Debiti Pa, nuova tranche 7,2 mld, totale resta 40 - decreto Imu

* I tagli alla spesa garantiscono quasi 1,5 mld di coperture

* Salta la deducibilità Imu da redditi d'impresa

* Ai 6.500 esodati aggiunti col decreto 583 mln in 6 anni

ROMA, 2 settembre (Reuters) - Lo Stato italiano liquiderà alle imprese fornitrici della pubblica amministrazione 27,2 miliardi nel 2013 e quasi 13 miliardi nel 2014.

Il decreto legge sull'Imu, approvato mercoledì 28 agosto dal governo e pubblicato sabato 31 in Gazzetta ufficiale, mantiene l'obiettivo di rimborsare debiti commerciali per un totale di circa 40 miliardi nel biennio 2013-2014.

Presentando il decreto il presidente del Consiglio, Enrico Letta, aveva detto che il governo ha deciso di "immettere nel sistema altri 10 miliardi di crediti" dopo i primi 40 previsti dal decreto 35, varato dal precedente governo di Mario Monti in aprile e convertito in legge a giugno.

I rimborsi sono invece 7,218 miliardi e derivano da un'anticipazione della dote in programma nel 2014.

Una fonte governativa spiega che l'obiettivo di portare il totale a 50 miliardi resta sul tavolo. L'operazione è rinviata però a un successivo provvedimento, probabilmente la Legge di stabilità di ottobre.

Per liquidare gli arretrati il ministero dell'Economia emetterà nuovi titoli di Stato fino a 8 miliardi nel 2013, recita l'articolo 15 del decreto.

POSSIBILE AUMENTO ACCONTI IRES-IRAP E ACCISE

Il governo stima che la liquidazione dei 7,2 miliardi in più produca un maggior gettito Iva pari a 925 milioni.
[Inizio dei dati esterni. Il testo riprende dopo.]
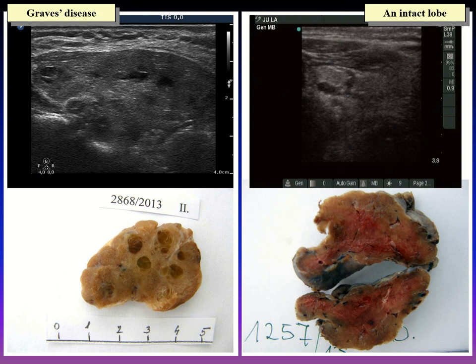One patient suffered from relapsing Graves disease and had cystic areas clearly seen on the gross pathological specimen. Final histopathology did not disclose nodules — these discrete lesions proved to be dilated macro follicles. The other patient was operated on for papillary cancer. The ultrasound and gross pathological images demonstrate the other lobe, which proved to be intact on histopathology. This healthy lobe has some discrete lesions on ultrasound, most of which proved to be vessels or cystic areas.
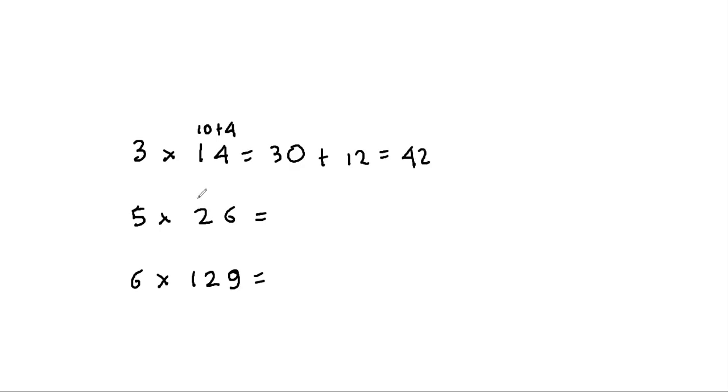5 times 20 is 100, plus 5 times 6, that's 30. So 5 times 26 makes 130.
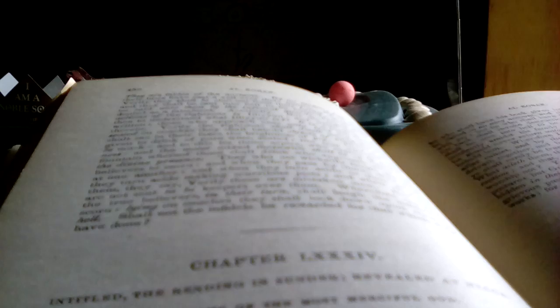Then it shall be said, this is what you denied as falsehood. Surely the register of the righteous is in illiyeen.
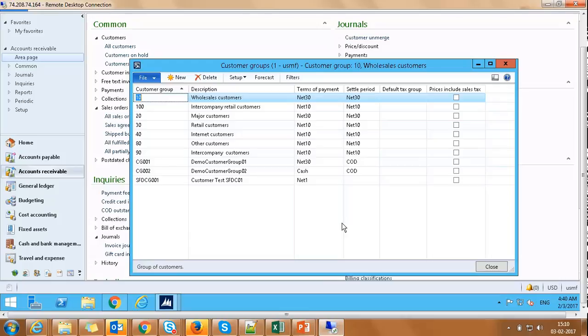With this, we conclude our walkthrough session. We hope you will enjoy working on OnActuate's Salesforce-AX Integrator. Write to us at support@onactuate.com if you have any further queries or feedbacks. Thank you for watching!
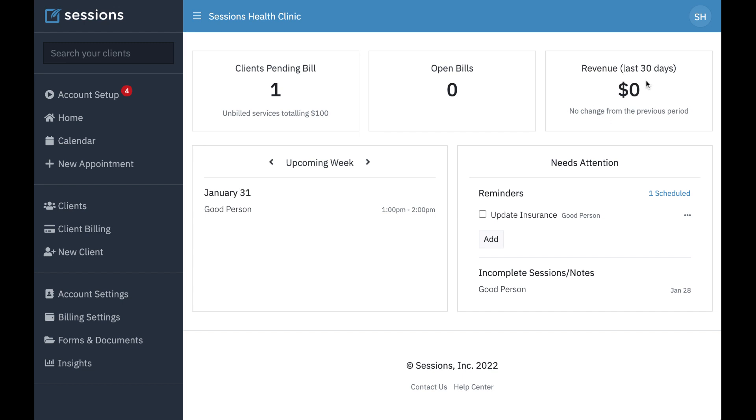And this final panel is going to show us revenue for the past 30 days. And once we're up and running, it's going to show us any change between periods.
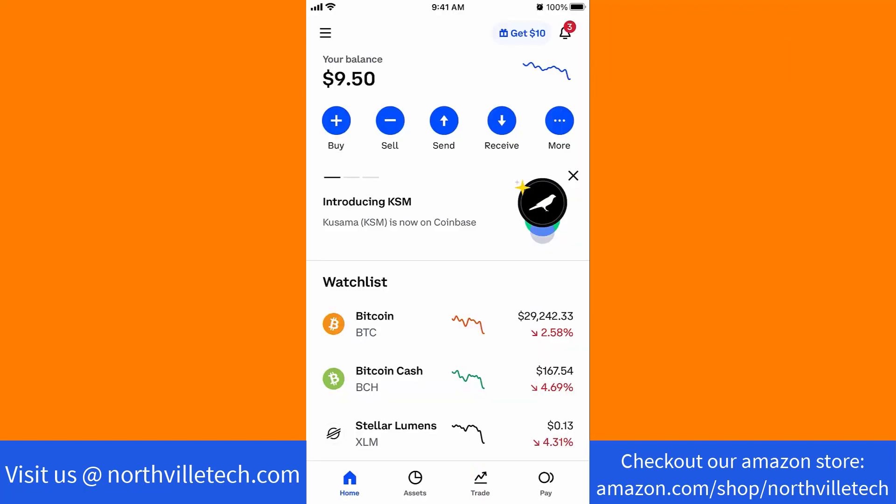Once the app is open, you will see several options at the upper part of the screen. Tap on More.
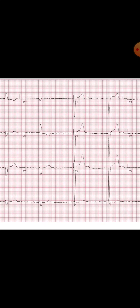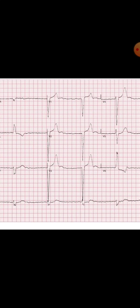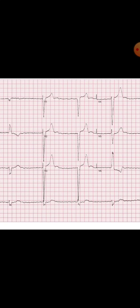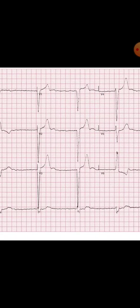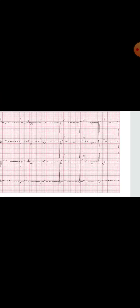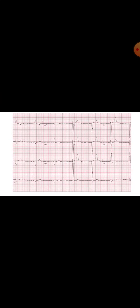Since the QRS complexes are wide, this indicates the escape pacemaker is located in the lower portion of the His-Purkinje system. As additional information, in complete heart block if the QRS complexes are narrow, it means the escape pacemaker is located in the upper portion of the His-Purkinje system. That was all about today's ECG — thank you very much.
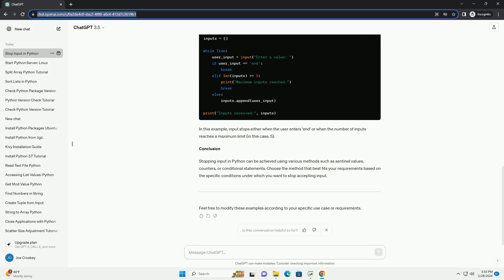Conclusion. Stopping input in Python can be achieved using various methods such as sentinel values, counters, or conditional statements. Choose the method that best fits your requirements based on the specific conditions under which you want to stop accepting input. Feel free to modify these examples according to your specific use case or requirements.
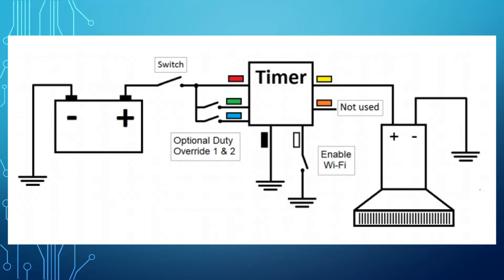Now we can enable the configuration mode to change the default timing. You would need a smartphone, tablet, or laptop to configure the timer.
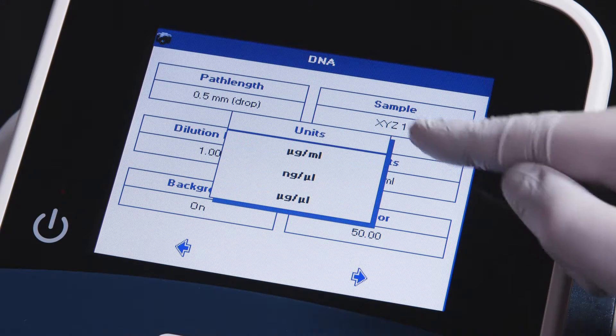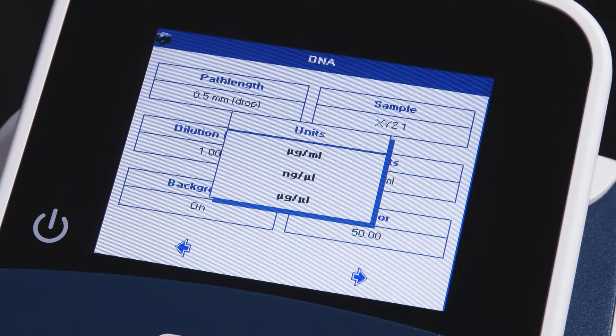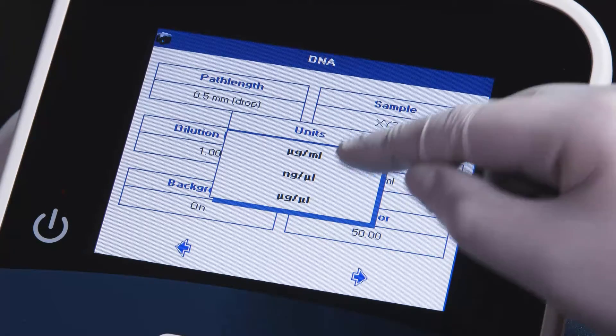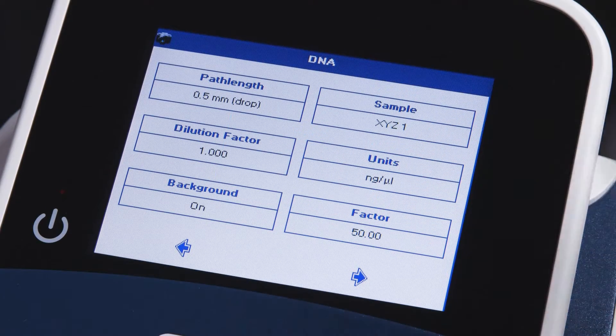You may also change the units referenced. You may select micrograms per milliliter, nanograms per microliter, or micrograms per microliter. We'll select nanograms per microliter.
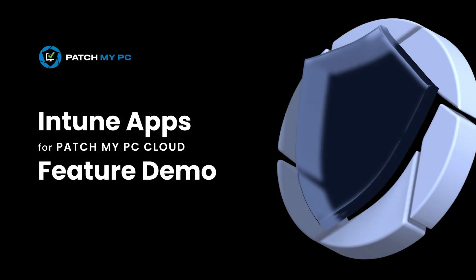That's everything I have for you just now. Thank you for your time and please check out the documentation at docs.patchmypc.com for more information.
Le risorse concorrono ad assicurare la copertura del decreto.

La sanatoria con aliquota al 25% per i gestori di slot condannati in primo grado dalla Corte dei Conti a pagare complessivamente 2,5 miliardi dovrebbe portare 600 milioni.

Considerata l'aleatorietà di queste due voci di copertura, il ministero dell'Economia ha inserito una clausola di salvaguardia necessaria a garantire che l'indebitamento netto resti sotto il 3% del Pil, come promesso all'Unione europea.

Secondo la clausola, in caso di scostamenti il Tesoro potrà aumentare "entro il mese di novembre" gli acconti Ires e Irap e le accise.

Il decreto prevede una manovra di 2,934 miliardi sul bilancio del 2013. Il resto della copertura deriva in gran parte da tagli alla spesa pubblica (quasi 1,5 miliardi). I ministeri concorrono con 675,8 milioni di euro.

Altri 300 milioni arrivano dalle "disponibilità dei conti bancari di gestione riferiti alle diverse componenti tariffarie intestati alla cassa conguaglio settore elettrico".

Inoltre, il tetto massimo di detraibilità delle polizze vita e infortuni stipulate o rinnovate entro il 2.000 scende a 630 euro dagli attuali 1291,14 euro per il 2013, a 230 euro dal 2014.

BANKITALIA, BRUNETTA PARLA DI RIVALUTAZIONE DEL CAPITALE

Il decreto conferma che le case di villeggiatura non saranno sottoposte all'Irpef, come recitavano le prime bozze. Saltata anche la deducibilità dell'Imu sui capannoni industriali dal reddito d'impresa (l'obiettivo è inserirla nella Legge di stabilità).

Per garantire il pensionamento anticipato ad altri 6.500 esodati, coloro che dopo la riforma previdenziale di fine 2011 rischiano di trovarsi senza fonti di reddito, il decreto stanzia 583 milioni tra 2014 e 2019, meno dei 700 indicati inizialmente dal governo.

In una nota il capogruppo del Pdl alla Camera, Renato Brunetta, sembra suggerire che il decreto preveda "la rivalutazione del capitale della Banca d'Italia".

La misura non compare però nel testo, sebbene sia stata oggetto di dibattito anche nei giorni scorsi.

La fonte governativa spiega che il dossier è allo studio del Tesoro ma richiede un confronto preventivo con la Banca centrale europea.

Bankitalia fa parte infatti del sistema europeo delle banche centrali e quasiasi riforma del suo assetto azionario deve garantirne l'indipendenza.